▸ EXERCISE INSTRUCTIONS: Copy each line below in which the string "Style" appears.

▸ MATERIAL FOR THIS TASK:
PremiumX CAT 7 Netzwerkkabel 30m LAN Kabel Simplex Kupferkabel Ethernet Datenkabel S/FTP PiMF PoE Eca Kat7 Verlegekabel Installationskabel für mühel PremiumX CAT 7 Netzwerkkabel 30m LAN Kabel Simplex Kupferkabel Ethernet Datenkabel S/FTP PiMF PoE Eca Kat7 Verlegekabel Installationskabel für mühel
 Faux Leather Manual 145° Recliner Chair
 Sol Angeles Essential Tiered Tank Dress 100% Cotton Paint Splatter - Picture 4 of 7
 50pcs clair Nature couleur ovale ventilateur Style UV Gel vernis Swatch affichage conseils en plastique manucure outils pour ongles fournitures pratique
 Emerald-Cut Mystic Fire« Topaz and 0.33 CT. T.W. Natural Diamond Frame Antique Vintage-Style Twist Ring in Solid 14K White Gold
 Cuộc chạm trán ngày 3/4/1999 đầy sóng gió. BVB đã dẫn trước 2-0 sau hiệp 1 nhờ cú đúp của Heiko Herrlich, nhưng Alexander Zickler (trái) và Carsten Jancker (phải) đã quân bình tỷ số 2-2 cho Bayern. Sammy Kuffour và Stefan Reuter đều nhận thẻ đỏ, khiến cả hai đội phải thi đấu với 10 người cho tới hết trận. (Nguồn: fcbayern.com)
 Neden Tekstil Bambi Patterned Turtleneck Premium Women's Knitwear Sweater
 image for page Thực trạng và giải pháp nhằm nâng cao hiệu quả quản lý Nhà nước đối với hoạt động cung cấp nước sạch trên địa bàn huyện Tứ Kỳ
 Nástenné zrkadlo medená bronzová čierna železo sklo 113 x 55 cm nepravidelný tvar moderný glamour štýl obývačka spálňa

▸ TASK RESPONSE:
 50pcs clair Nature couleur ovale ventilateur Style UV Gel vernis Swatch affichage conseils en plastique manucure outils pour ongles fournitures pratique
 Emerald-Cut Mystic Fire« Topaz and 0.33 CT. T.W. Natural Diamond Frame Antique Vintage-Style Twist Ring in Solid 14K White Gold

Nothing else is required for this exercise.